DATA BLOCK:

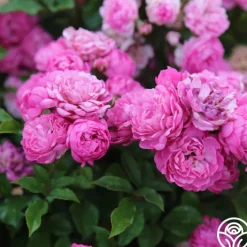 Vineyard Song>Heirloom Roses Discount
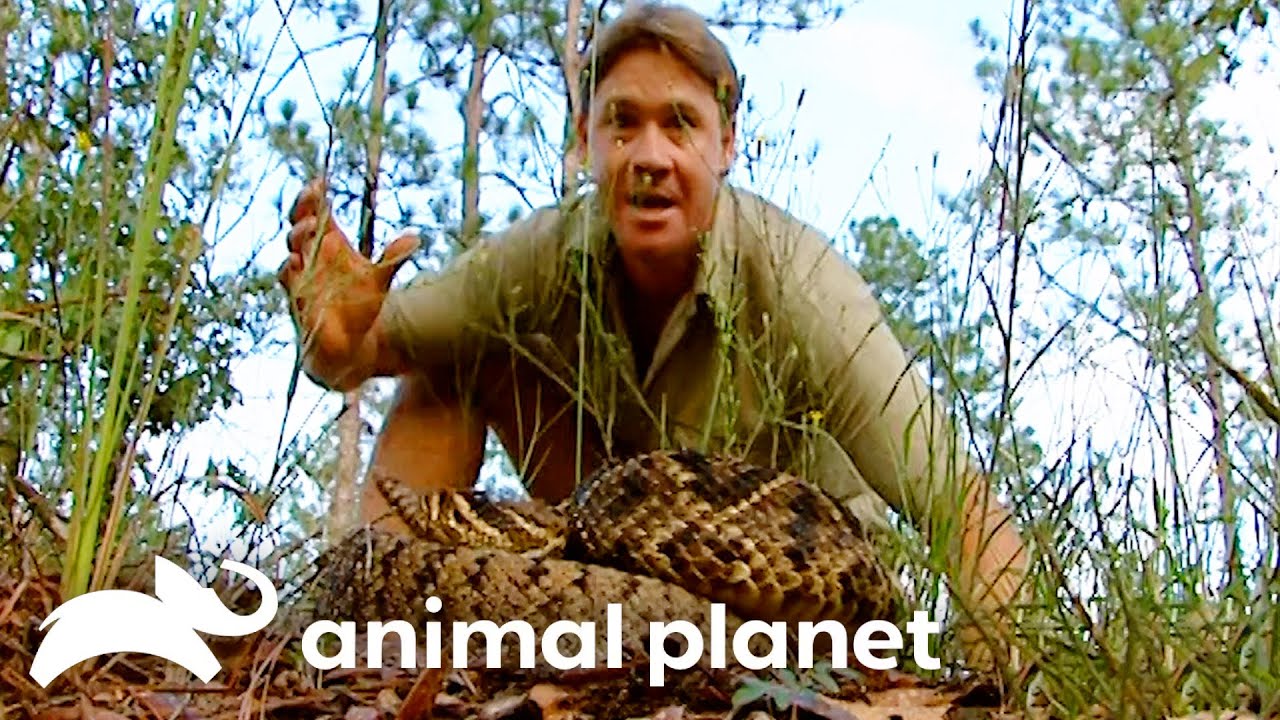Fearless Steve Irwin Saves a Wounded Bear from Certain Death | Crocodile Hunter | Animal Planet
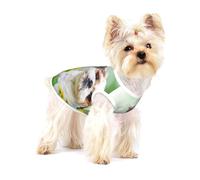 Shih Tzu Petits Chiens Mignons Chiots bouclés Animaux de Compagnie Champ,T-Shirt sans Manches en Coton pour Animaux de Compagnie, Gilet Respirant, Extensible et Doux,S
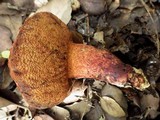Boletus permagnificus image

PROBLEM REQUIREMENTS:
Copy the data character for character, but drop all pictures from the copy.

SOLUTION BELOW:
 Vineyard Song>Heirloom Roses Discount
Fearless Steve Irwin Saves a Wounded Bear from Certain Death | Crocodile Hunter | Animal Planet
 Shih Tzu Petits Chiens Mignons Chiots bouclés Animaux de Compagnie Champ,T-Shirt sans Manches en Coton pour Animaux de Compagnie, Gilet Respirant, Extensible et Doux,S
Boletus permagnificus image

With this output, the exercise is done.